Images for object localization:
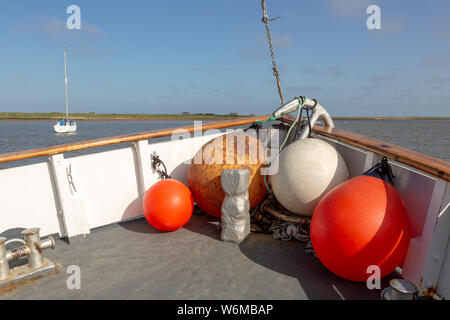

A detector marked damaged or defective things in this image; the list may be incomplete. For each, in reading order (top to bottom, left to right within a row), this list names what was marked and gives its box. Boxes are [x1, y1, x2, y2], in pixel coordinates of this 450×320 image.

orange rusty buoy [143, 179, 194, 231]
orange rusty buoy [187, 130, 268, 218]
orange rusty buoy [312, 172, 410, 282]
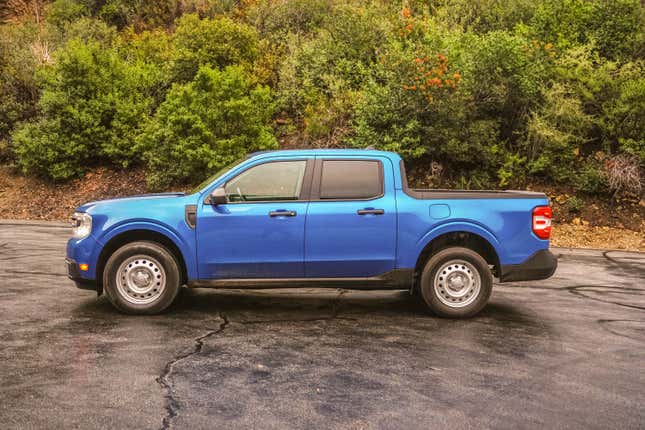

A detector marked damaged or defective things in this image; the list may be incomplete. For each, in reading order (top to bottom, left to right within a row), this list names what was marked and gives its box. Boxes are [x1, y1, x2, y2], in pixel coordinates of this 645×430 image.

cracked asphalt [1, 222, 644, 430]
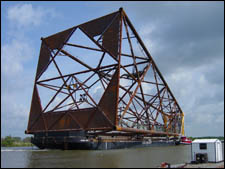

▸ **How to complete this task**: Restate the entries word for word, though any image they contain should not appear.

▸ **Answer section**:
A detector marked damaged or defective things in this image; the list may be incomplete. For each, in reading order (top to bottom, left to right within a row), this list names what was marked and gives its box. Boxes are [x1, y1, x2, y2], in pixel coordinates of this 450×320 image.

orange rusty buoy [143, 179, 194, 231]
orange rusty buoy [187, 130, 268, 218]
orange rusty buoy [312, 172, 410, 282]

A detector marked damaged or defective things in this image; the list may be incomplete. For each, in reading order (top to bottom, left to right within a row), this list names what was marked and gives its box. Boxes are [x1, y1, x2, y2], in pixel coordinates of this 645×430 image.

cracked asphalt [1, 222, 644, 430]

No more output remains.